Shortly before Morris’ birth, his father uprooted the family
from Seattle, Washington and moved them to Oregon to
claim land under the Homestead Act. Graves was born on
August 28th, 1910 in Fox Valley, Oregon. Morris was the sixth of eight children. However, due to the area’s relentless winds, and bitter winters, survival was a daily battle for the Graves family, and shortly after Morris’ birth the family moved back to Seattle. Due to an early bout of pneumonia during his first year of life, Graves grew up a sickly child, and kept close to home, amusing himself with the garden instead of playing with his many siblings.
From a very young age Graves was fascinated by flowers, which would eventually become an important motif in his work. After finishing his sophomore year of high school, Graves dropped out to sail on American Mail Line ships, visiting Japan, China and the Philippines. It was during these years that Graves first became interested in philosophy, Asian aesthetics, eastern religions and the cultural practice of integrating one’s life with beauty. Upon returning to the USA in 1928, Graves avoided returning home where he feared he would be an additional drain on the family resources, already burdened by the arrival Great Depression.
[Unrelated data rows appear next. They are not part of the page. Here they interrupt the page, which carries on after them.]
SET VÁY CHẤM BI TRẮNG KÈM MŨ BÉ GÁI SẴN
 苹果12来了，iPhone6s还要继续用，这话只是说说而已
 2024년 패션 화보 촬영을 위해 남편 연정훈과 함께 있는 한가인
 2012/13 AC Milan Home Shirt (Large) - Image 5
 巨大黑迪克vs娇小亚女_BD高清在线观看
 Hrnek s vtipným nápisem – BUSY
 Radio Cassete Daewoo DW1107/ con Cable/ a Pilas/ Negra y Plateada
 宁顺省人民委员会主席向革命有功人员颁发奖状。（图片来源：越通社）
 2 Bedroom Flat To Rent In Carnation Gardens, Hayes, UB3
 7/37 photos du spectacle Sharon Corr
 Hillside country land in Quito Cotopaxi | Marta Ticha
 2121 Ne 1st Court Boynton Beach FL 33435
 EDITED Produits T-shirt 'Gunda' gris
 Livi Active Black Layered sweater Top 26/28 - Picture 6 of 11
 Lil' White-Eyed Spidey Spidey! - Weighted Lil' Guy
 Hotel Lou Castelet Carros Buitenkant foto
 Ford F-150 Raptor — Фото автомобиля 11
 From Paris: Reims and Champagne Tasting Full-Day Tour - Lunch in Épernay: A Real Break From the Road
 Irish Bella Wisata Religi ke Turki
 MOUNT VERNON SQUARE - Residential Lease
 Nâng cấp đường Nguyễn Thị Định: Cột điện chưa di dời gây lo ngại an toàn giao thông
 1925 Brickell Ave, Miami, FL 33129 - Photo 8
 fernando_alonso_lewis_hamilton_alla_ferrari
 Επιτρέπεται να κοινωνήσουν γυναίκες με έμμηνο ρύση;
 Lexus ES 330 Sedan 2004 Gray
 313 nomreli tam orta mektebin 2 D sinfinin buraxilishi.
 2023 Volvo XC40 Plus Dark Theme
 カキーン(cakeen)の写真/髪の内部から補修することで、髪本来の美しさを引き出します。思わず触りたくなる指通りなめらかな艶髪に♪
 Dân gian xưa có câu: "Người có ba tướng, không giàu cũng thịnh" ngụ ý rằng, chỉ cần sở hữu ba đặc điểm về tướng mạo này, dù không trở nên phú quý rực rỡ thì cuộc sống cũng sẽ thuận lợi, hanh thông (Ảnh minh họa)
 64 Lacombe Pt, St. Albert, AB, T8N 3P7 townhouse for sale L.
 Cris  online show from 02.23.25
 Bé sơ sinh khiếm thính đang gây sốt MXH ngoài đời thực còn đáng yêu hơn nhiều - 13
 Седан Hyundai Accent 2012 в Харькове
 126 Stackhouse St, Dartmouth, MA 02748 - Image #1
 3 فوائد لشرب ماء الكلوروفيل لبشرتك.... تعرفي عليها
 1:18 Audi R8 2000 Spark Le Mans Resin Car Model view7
Instead Graves traveled the country, eventually stopping in Beaumont, Texas, where he lived with his aunt and uncle until 1932 when he graduated from high school at the age of 20.
Upon his graduation, Graves moved back to the Pacific Northwest, where histalent was recognized almost immediately with a first prize win at the Northwest Annual Exhibition in 1933. Graves was a budding artistic genius, with a natural eye for light and color, a unique talent for drawing animals, especially birds, and capturing his subjects’ inner beings along with their physical forms. In 1936 Graves had his first one-person exhibition at the Seattle Art Museum. In 1941 the name Morris Graves came to the attention of the larger art world when the then little-known Seattle artist was featured in an exhibition at New York’s Museum of Modern Art. The museum purchased eleven of Graves’ paintings, and many more were purchases by collectors. In 1942 Graves was invited to participate in The Whitney Museum of American Art’s Annual Exhibition. Graves went on to exhibit in each of the Whitney’s annuals from 1942 to 1967.
Graves had officially made it as a nationally acclaimed artist. In September of 1954 Graves' artistic career received another boon when he, along with Guy Anderson, Kenneth Callahan and Mark Tobey, were mentioned in a Life Magazine article on Northwestern artists. That same year Graves abandoned Seattle for Ireland, living outside Dublin, he spent the days sketching local plants and animals. In 1964, after some extensive traveling, Graves returned once more to the United States, this time to remote Humboldt County, California, where he bought a property surrounded by virgin redwoods, far from the bustling cities, he called his property “The Lake.” After moving to California, Graves’ style changed, his colors brightened, his paintings of flowers seemed to radiate life from their richly-hued petals. His later works went further and further into abstraction, and the Asian influence of his early pieces was gone, but the delicate quality so characteristic of Graves’ paintings throughout his career remained. In 1996, the Humboldt Arts Council started raising money to turn the old Carnegie Library in Eureka into an art museum, they offered to name the new museum after Graves. Graves accepted, and donated over 100 works from his own personal collection to what is now the Morris Graves Museum of Art. The Morris Graves Museum of Art officially opened its door to the public on January 1st, 2000. The work of Morris Graves, quietly thrilling both visually and emotionally, has lived on past its maker, providing their audience with glimpses into a world of natural harmony and ethereal beauty. Graves spent the remainder of his days at “the Lake” painting until his death on May 5, 2001.